I was addicted to video games, limited by my terrible memory, and worried that I wasn’t going to leave anything valuable to future generations. I’ve found that nothing has ignited my self-awareness as much as making the world less about me and more about others. So I have the deep desire to avoid being a deadbeat dad and to start doing something truly useful to thank for starting my personal renaissance (along with Grant and my wife Melinda, of course).
2. It was two years after Melinda told you that she was pregnant that you quit your job, did the first Continuous Creation Challenge (that led to starting Value of Simple), and began the journey that you now share with others. Why did it take two years? What were the factors that made you take that final leap?
Joel: It took me about a year to figure out what post-corporate work could look like, let alone what I actually wanted it to look like. And it took about eighteen months to get Melinda to buy into me quitting my job for an uncertain (but certainly less lucrative) future.
While Melinda and I had some tough conversations, I was working on drumming up internal resilience and external support. I needed some time to internalize the guidance and resources of amazing folks like Scott Dinsmore of Live Your Legend or Joshua Becker of Becoming Minimalist. It also took a while for my family and friends to understand why I needed to give up the “good life” for a shot at a great life.
The ultimate factor that led to my entrepreneurial leap was the leap of faith by Melinda. Without her support - emotional, financial, logistical, or otherwise - I’d still be living an American Dream that I no longer believe.
3. During your Continuous Creation Challenge, you figured out that you are passionate about and talented in the areas of simplicity, organization, and personal finance. How did you realize these were your talents?
Joel: I spent two days in mid-April 2012 mind mapping everything I was good at or jazzed about. Topics like sports and technology popped up, but they were tiny bubbles compared to the big ones for simplifying, organizing, and personal finance. The trick was - and still is - how to combine all three topics together without losing people in the process.

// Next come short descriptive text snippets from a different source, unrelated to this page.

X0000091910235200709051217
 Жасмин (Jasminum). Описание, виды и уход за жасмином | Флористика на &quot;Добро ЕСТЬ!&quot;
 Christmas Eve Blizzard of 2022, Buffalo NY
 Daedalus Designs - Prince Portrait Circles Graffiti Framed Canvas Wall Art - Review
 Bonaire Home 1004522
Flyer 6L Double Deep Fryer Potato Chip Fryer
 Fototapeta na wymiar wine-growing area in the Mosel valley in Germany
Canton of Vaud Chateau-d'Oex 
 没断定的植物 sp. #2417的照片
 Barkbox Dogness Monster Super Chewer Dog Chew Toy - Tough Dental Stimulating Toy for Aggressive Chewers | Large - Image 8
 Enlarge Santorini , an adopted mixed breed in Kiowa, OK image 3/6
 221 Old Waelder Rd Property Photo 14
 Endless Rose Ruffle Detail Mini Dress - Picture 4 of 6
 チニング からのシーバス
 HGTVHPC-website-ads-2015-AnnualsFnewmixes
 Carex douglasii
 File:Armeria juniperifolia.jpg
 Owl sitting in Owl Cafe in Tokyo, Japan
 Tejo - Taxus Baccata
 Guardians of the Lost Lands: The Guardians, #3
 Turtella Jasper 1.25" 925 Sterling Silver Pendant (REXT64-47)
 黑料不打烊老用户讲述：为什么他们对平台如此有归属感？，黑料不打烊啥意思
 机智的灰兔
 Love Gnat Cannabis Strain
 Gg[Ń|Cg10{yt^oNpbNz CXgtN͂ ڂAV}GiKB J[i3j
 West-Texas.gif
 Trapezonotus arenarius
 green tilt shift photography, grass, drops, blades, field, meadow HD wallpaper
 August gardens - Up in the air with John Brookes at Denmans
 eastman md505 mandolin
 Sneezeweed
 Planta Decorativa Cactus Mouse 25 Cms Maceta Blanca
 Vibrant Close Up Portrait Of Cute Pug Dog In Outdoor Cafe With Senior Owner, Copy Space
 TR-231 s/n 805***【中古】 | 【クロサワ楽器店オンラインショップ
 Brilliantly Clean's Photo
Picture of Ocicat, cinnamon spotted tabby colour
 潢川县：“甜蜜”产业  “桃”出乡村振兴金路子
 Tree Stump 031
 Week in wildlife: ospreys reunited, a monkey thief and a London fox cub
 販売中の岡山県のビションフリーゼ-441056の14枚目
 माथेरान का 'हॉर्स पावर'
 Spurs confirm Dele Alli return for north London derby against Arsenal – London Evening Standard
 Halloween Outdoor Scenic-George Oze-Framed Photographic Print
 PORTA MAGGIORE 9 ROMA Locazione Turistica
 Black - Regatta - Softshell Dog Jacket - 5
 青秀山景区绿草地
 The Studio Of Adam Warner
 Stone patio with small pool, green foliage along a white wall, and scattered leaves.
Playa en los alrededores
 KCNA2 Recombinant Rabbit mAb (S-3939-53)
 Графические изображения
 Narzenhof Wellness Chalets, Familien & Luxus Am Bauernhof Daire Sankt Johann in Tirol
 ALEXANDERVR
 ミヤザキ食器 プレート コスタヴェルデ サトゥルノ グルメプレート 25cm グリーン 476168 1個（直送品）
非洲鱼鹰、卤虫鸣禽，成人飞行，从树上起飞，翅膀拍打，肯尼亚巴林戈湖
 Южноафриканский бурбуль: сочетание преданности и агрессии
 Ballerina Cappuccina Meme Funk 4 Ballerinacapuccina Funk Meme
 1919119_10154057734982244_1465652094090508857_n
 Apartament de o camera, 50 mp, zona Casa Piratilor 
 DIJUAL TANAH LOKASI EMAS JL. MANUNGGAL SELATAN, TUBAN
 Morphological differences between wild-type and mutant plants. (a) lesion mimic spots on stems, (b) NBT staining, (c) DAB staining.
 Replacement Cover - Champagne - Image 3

The appeal of and skills in personal finance have been a long time coming. In fact, I’ve had a knack for numbers since I started multiplying in pre-school. It was easy to combine my math savvy, my mom’s money management guidance (she’s a total pro), and an innate drive to rock at the unsexy side of life.
Identifying my organizing skills wasn’t as easy. But it actually shined brightly as I was mind mapping. I was categorizing, sub-categorizing, using literal labels, building logic into the mind map, and tying together the relationships between seemingly unrelated passions. I didn’t understand the level of detail and structure I was giving my mind map until after a full day of doing it. Before that day, organizing was just something I did. After that day, I began to think, “Um … maybe I should add organizing to the list of my passions.”
Last to manifest was my penchant for simplifying. Daily money management and organizing my environment were ingrained within me, but simplicity took years to cultivate. I credit reading blogs like Be More with Less, Exile Lifestyle, or RaamDev.com for planting the simplicity seed. For example, I started to experiment with simplicity by stripping away the excess preventing me from leading an intentional life.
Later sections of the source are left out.